Yesterday Apple announced the release of the Safari 3 beta for both Mac and PC. Rumoured to be faster than Linford Christie after a nandrolone binge, how does it fare?
As with the PC iTunes installation, Apple forces you to install Quicktime as part of the installation process which is a mild irritation – having disabled Quicktime’s tasktray process from a previous installation, I now have it running again. I suppose you have to chuckle at Apple’s little jokes.
Once installed it looks… a little out of place. With OSX scrollbars and form elements, it feels a little like a deviant, cross-dressing browser; a PC application in Mac getup. Like its Mac counterpart, it lacks a homepage button which is alarming, irritating and surprising in equal measure. I’m struggling to think of a single reason for its omission.

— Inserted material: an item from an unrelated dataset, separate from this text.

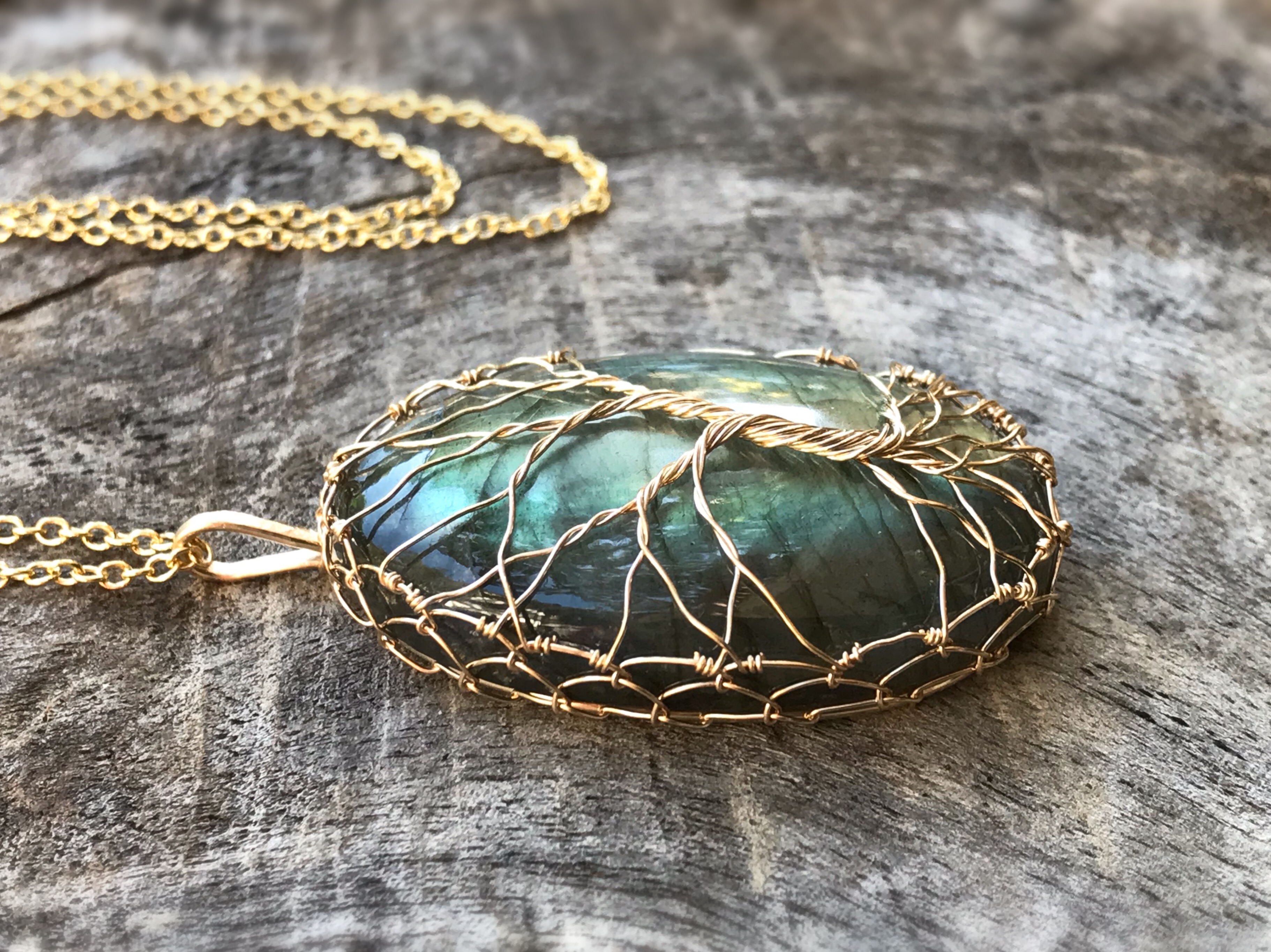Tree Of Life Necklace - 14k Yellow Gold Filled - Oval Cut Labradorite - "Autumnal Glow" - Image 4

My PC browser of choice is, like many people, Firefox. It’s not perfect, but its many little add-ons and shortcuts make it a cut above the rest. In highly unscientific tests of uncached page loading speeds however, Safari 3 doesn’t seem to be the speed demon it claims to be. It actually seems slower than Firefox, a fact that is emphasised by Safari’s preference for loading the entire page before displaying anything at all. I’ll be trying out the Mac implementation soon to see whether its blistering pace is evident on OSX.

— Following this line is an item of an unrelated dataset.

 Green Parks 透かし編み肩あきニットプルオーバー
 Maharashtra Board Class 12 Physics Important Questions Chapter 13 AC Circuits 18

One very welcome feature of the new Safari browser, however, is the beautifully anti-aliased HTML text. Why PC users have been made to suffer without this feature for so long (save for IE7’s poor ClearType implementation) is a question even the wisest of wise men would struggle to answer.
So overall, it’s nothing to write home about. A browser like any other (minus the home button), with nice looking text but out of place looking form elements. I’ll stick with Firefox I think.